Things have been really hard lately, so much work to do. So much work that I barley had time to stand up and salute to one of the greatest guitarist that ever lived on this planet- Gary Moore. I consider his death as semi rock star kind of death. He died from a heart attack (unlike the usual types of death in this genre- drugs, alcohol, car accidents), but still died at the hotel in Spain. So ill give him the credit for that. He was 58 on the day he died, a real guitar legend.
Moore was born in Belfast, Ireland. A place that was most influential to bands from Ireland. Moore was dealing with the war and bloodshed that his nation has experienced through his lyrics. His musical journey began when he moved to Dublin at the age of 14, and began playing the guitar. He got together with band Skid Row (not to be confused with the 80's glam band) and released a few albums with them. Ultimately he got the attention of Thin Lizzy's lead singer, Phil Lynott. Thin Lizzy was already gaining moderate success in the British isles as well as in Europe. When the offer came, Gary jumped on it. He had replaced one of the founders of the band- Eric bell, and found himself in a band at a starting point of their glory days. Although he gained commercial success with Thin Lizzy, Moore left the band only a year later, to start a prolific and long lasting solo career. He remained close to Lynott and until his death at the end of the 80's, they collaborated so many times that a lot of people considered them as the founders of Thin Lizzy.
After starting his solo career in the mid seventies, Gary became one the worlds most known lead guitarists. In 1978, together with Lynott he released the song "Parisian Walkways", a song that became one of rock's and electric guitar best anthems. With the 1980's rising metal force, Gary so it was time to express his love in the more metallic way. Throughout the decade he released several "pure" heavy metal albums. His song "Out in the Fields" from the album Run for Cover (1985) was the one that introduced Gary Moore to me. I was 14 years old, and watching Friday Rock Show with the late Tommy Vance. The songs music video came on. I kind of liked it, but then Gary started his solo. It was a moment I will never forget, because it was the first time I got to see such a great guitar player from a close shot. The camera was situated on the head of the guitar, filming downwards to the neck, and on the neck was a mind-blowing guitar solo. Luckily I got to record the whole show (on VHS, there was no DVD back then) and the next day I just kept watching it over and over again.
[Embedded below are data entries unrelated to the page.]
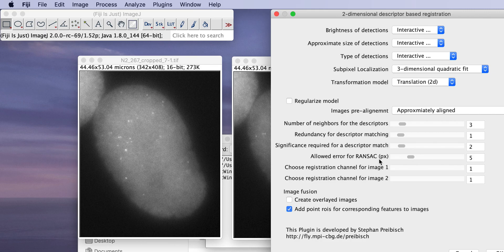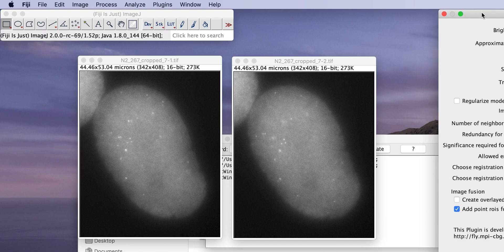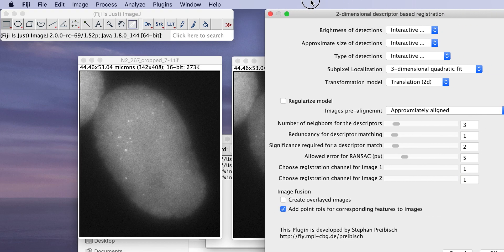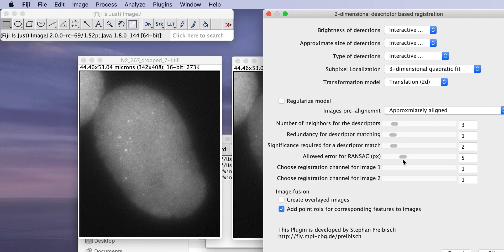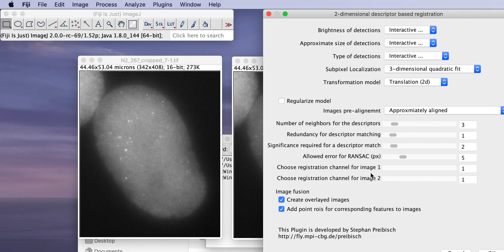The allowed error for RANSAC is, as I said, we do outlier filtering. That means it finds corresponding points and it will visualize these corresponding points later. And it matches them relatively together. There's still a remaining error, no matter which transformation you want to use. And this defines how big this remaining error is allowed to be. Five is a reasonable alignment. If you're not sure, you might want to have it one pixel, you might want to have it 50. It really depends on image. So five is usually a reasonable parameter. So we want to create overlaid images and we want to add point ROIs where it actually shows us the features that were found. So that's it. We press OK.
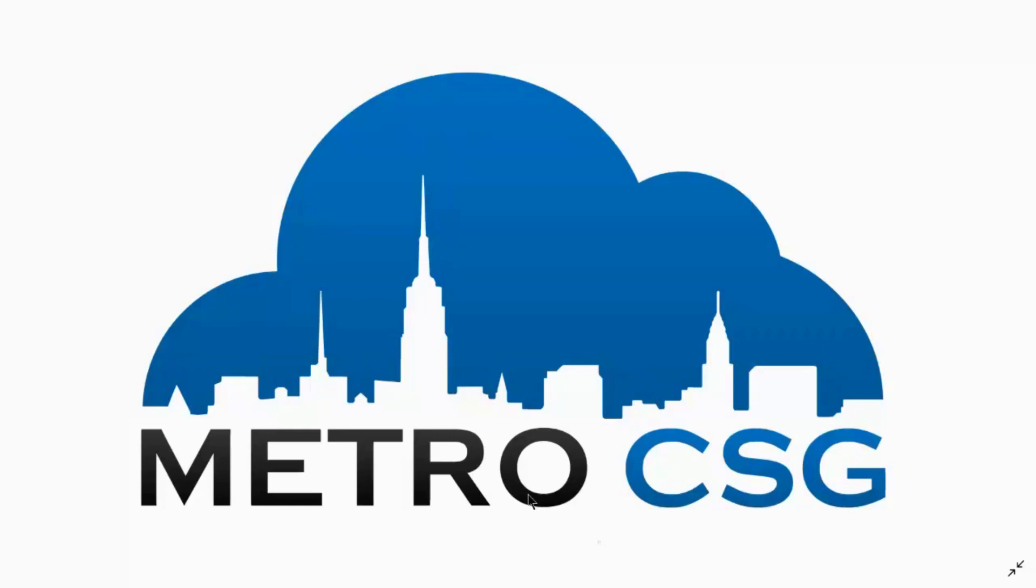Hi, this is Ria and I'm with Metro CSG. Previously, we've made a vlog about the basics of Microsoft To-Do and how it can help in your productivity.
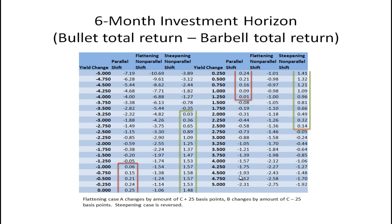Think about it — that makes sense. Convexity is good because when interest rates change by a lot, the convexity causes the barbell's total return to go up more if rates are going down, since the bond price rises faster. Or if interest rates are going up, the price goes down slower due to convexity. But because there's a price for convexity — a lower yield — if interest rates don't change much at all, you're better off with the bullet strategy.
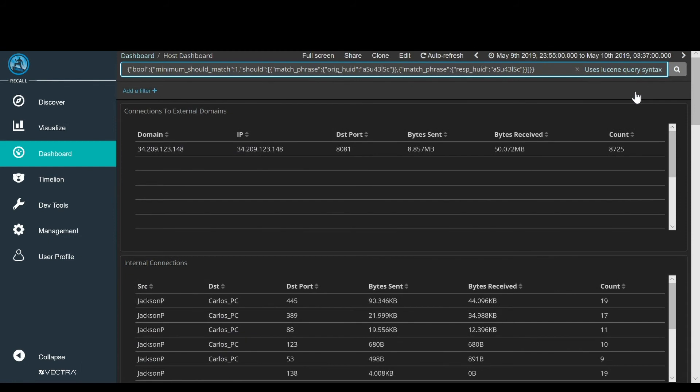And you can also take a historical view of all network metadata anchored around that host, and conduct deeper investigations into the host, as well as associated campaigns.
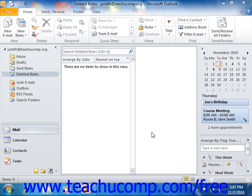The journal feature of Outlook can be used to record multiple types of interactions. You can record interactions with important contacts, when documents or items are created and accessed, or many other types of activities that are of importance. You can configure the journal to record these items and activities either manually or automatically.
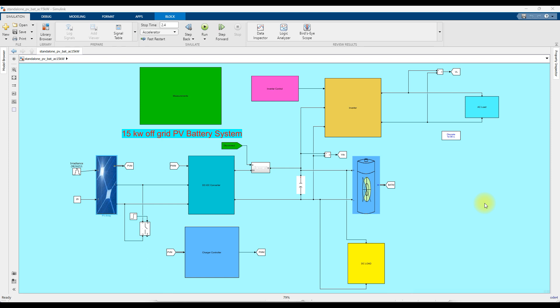Hi you guys, welcome to Ilamo Solution. Today we are going to see about a 15kW off-grid PV battery system in MATLAB.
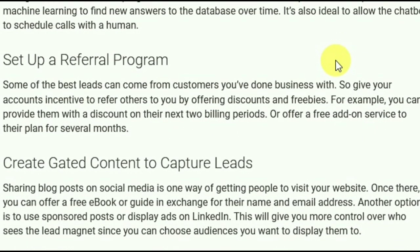Create gated content to capture leads. Sharing blog posts on social media is one way of getting people to visit your website. Once there, you can offer a free ebook or guide in exchange for their name and email address. Another option is to use sponsored posts or display ads on LinkedIn, which gives you more control over who sees them since you can choose the audience you want to target.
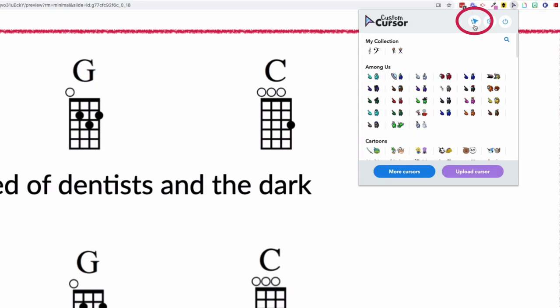In the Custom Cursor menu you can make the cursor bigger or smaller here and when you want to return to your regular cursor, click on this power button icon here.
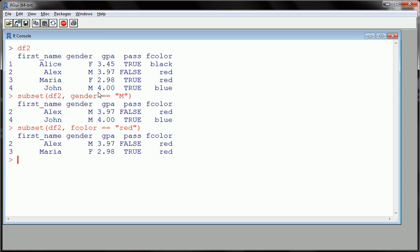Let's do one more. Let's subset data frame 2 to include only people who passed the course. Now here's an interesting case. If you recall, pass was a logical vector, not a character, not a factor. I just explained earlier that logical vector values don't need to be placed in quotes, so we will just type TRUE. This is going to be - we're only looking at people who passed, perhaps this is the previous course, whatever pass means, pass the course.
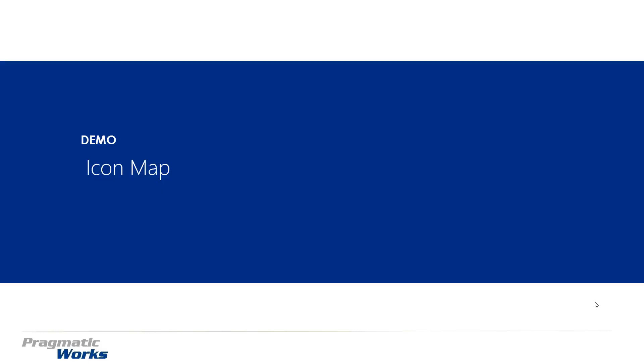Alright, so let's go ahead and walk you through how you can use the icon map. In this example what we're going to be doing is looking at cruise ship data. We're not necessarily going to be plotting out where it's going, but we want to just plot out where it's at right now. So let's hop into a demonstration here and look at this cruise ship data.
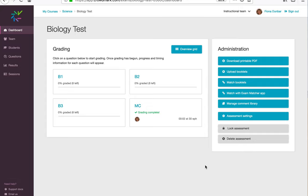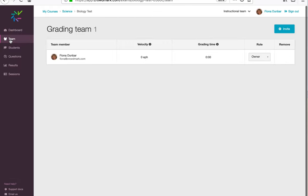I'm going to show how to invite graders to your assessment in Crowdmark. From the dashboard, you navigate to the Team tab at the left, and then I can invite members of my grading team by email.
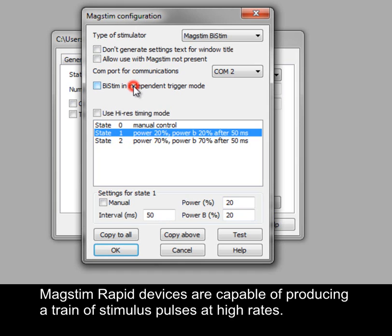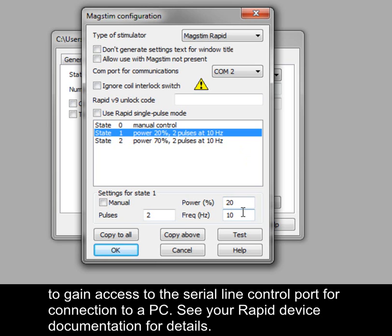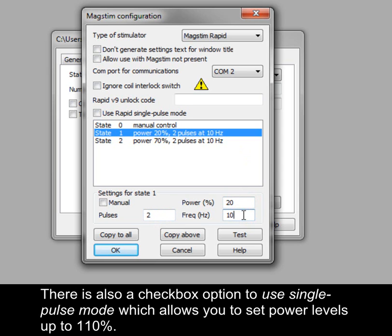MagStim Rapid devices are capable of producing a train of stimulus pulses at high rates. The Rapid may have a separate control system that has to be disconnected to gain access to the serial line control port for connection to a PC — see your Rapid device documentation for more details. You can set the intensity, number and frequency of pulses in the settings section of the configuration. There is also a checkbox option to use Single Pulse Mode, which allows you to set power levels up to 110%.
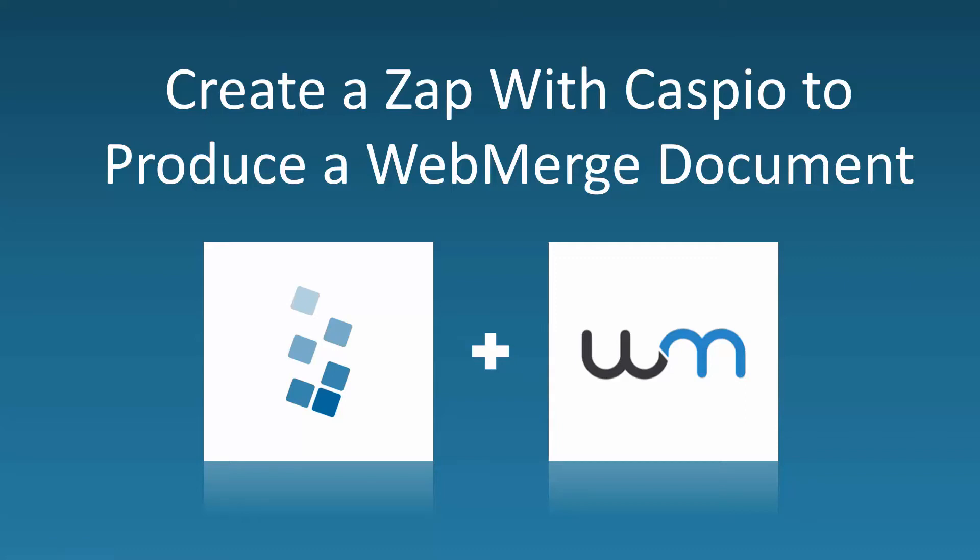Hi, my name is Ned, and in this video I'm going to show you how to create a Zap with Caspio to produce and email a WebMerge document.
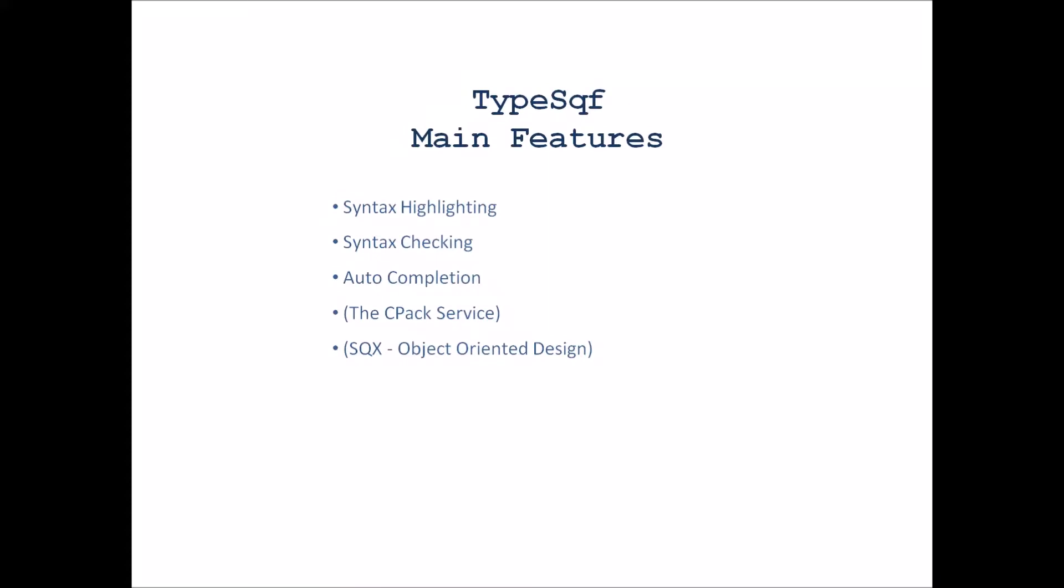Hello, this is Engema. In this video I will show you some of the main features of TypeSQF, namely the features that are fronted on the TypeSQF.com website.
This music video made me realize that that's what I wanted to do; I wanted to play just like this guy. He became one of my inspirations for guitar playing and the love of it. Since then, each time I hear and recognize one of his solos, it fills me up with joy and excitement.
The end of the 80's brought heavy metal to a diminishing point, almost to its total devastation. Gary had decided to return to his origin, the Blues. In 1990 he released Still Got the Blues which became his top selling album to date. The album, enriched with blues songs, was combined with rock and some heavy metal. The album got him back onto the world stage and high up on the play lists. This album also had collaboration between him and legends such as Albert King, Albert Collins and George Harisson.
During the 90's, Moore continued with the Blues, releasing several studio albums along with live records. One collaboration with Blues giant B.B King produced a video of a live show with the two stars.
The beauty in Moore's playing is that feeling he gives you when watching him play. He plays with all of his heart, puts everything into the music. It seems like he literally rides a solo like an experienced rider on his horse. It has an incredible sensation of power mixed with emotion and depth that only he could pull out of the Gibson Les Paul (one which he got from Fleetwood Mac's guitarist back in the sixties, and kept till his death). On many of his albums you can see his face in that typical expression- so concentrated on his solo, doing a harmony or just making a never ending guitar band. Only he knows how to do that. Simply amazing!
An interesting point throughout his career is that he was known as one of the best guitarist in the world and somehow he never made it big in the US. My guess is that now, like all of his predecessors; He will be embraced also by American fans after his death.
The remainder of the founding generation of rock is declining. Those who didn't die from one of the rocks death myths are facing rocks greatest enemy- getting old. Gary Moore died at the age of 58. you can say he was young, but in Rock n' Roll years, he was not just old, he was ancient. Yes, there are some legends still living. Some are well known, some are not, but let's not forget one of the greatest guitarists that ever lived. A man that defined the concept of guitar hero.